··· DATASET ENTRIES ···
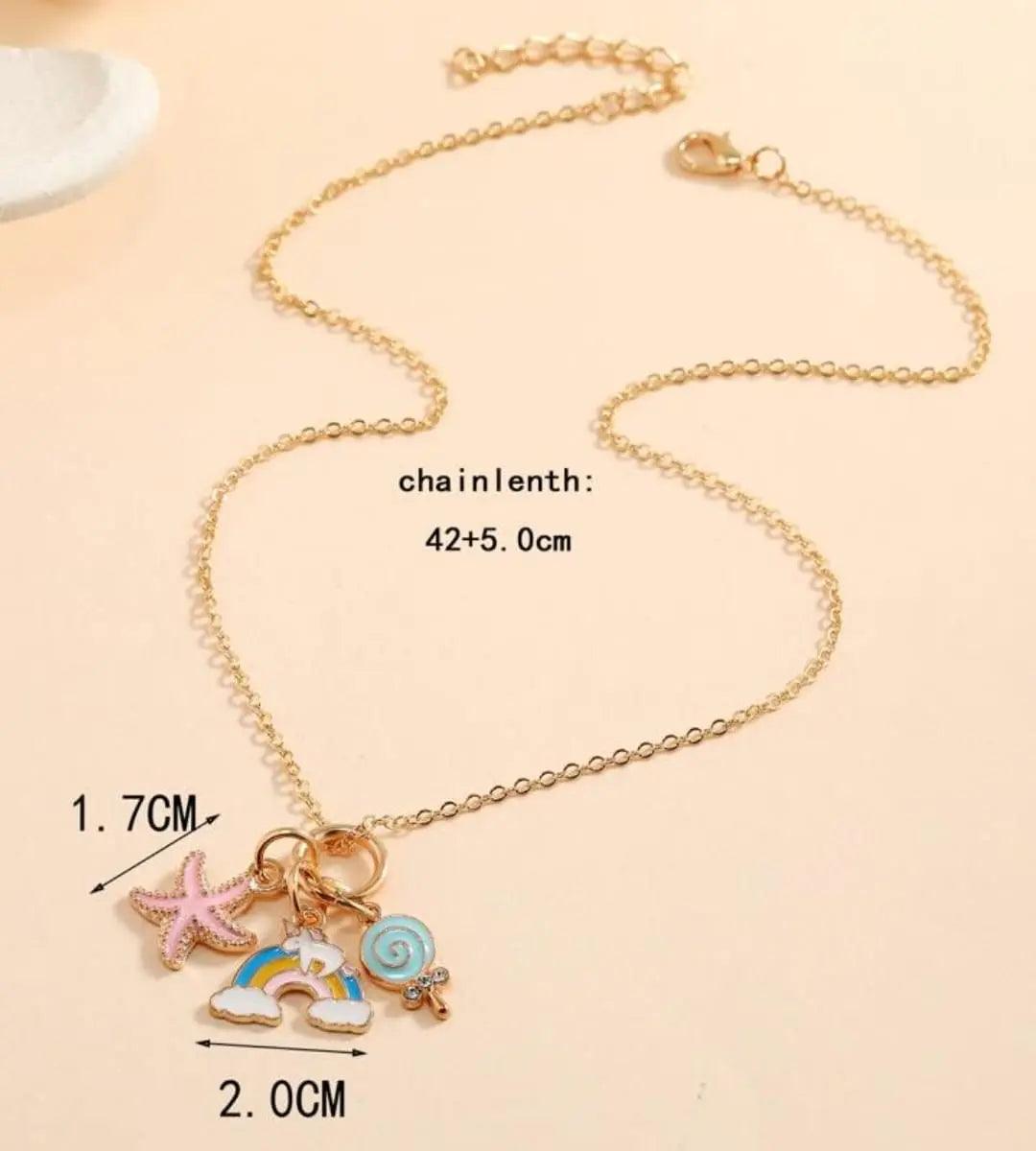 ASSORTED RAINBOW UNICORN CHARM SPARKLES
···
··· DATASET ENTRIES ···
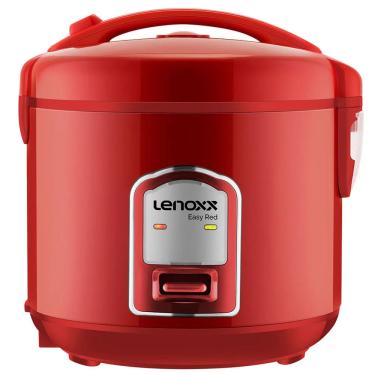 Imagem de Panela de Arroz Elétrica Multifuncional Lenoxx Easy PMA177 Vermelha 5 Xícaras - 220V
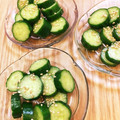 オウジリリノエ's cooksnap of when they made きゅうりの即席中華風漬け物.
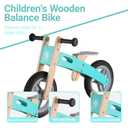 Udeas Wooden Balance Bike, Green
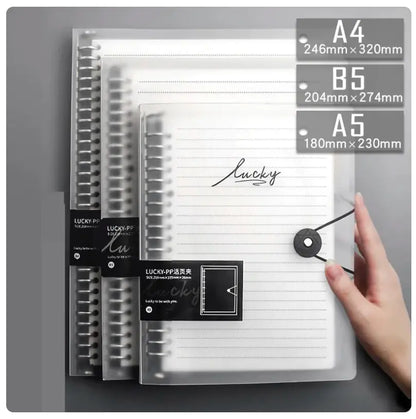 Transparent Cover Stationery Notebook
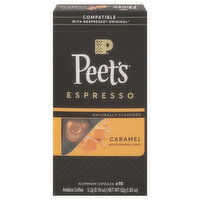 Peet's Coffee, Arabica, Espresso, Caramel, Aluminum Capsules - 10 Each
···
··· DATASET ENTRIES ···
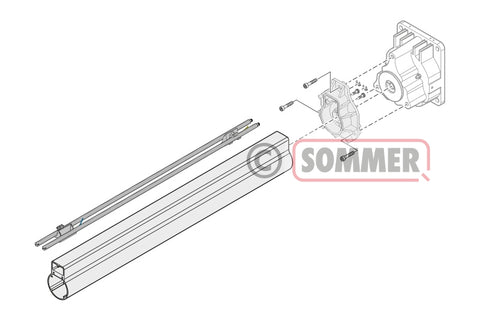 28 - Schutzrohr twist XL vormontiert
···
#### DIRECTIONS:
Leaving out the pictures, please output the lines in the entries above from the one with "Transparent Cover Stationery Notebook" through the one with "Peet's Coffee, Arabica, Espresso, Caramel, Aluminum", exactly as they are.

#### TASK SOLUTION:
 Transparent Cover Stationery Notebook
 Peet's Coffee, Arabica, Espresso, Caramel, Aluminum Capsules - 10 Each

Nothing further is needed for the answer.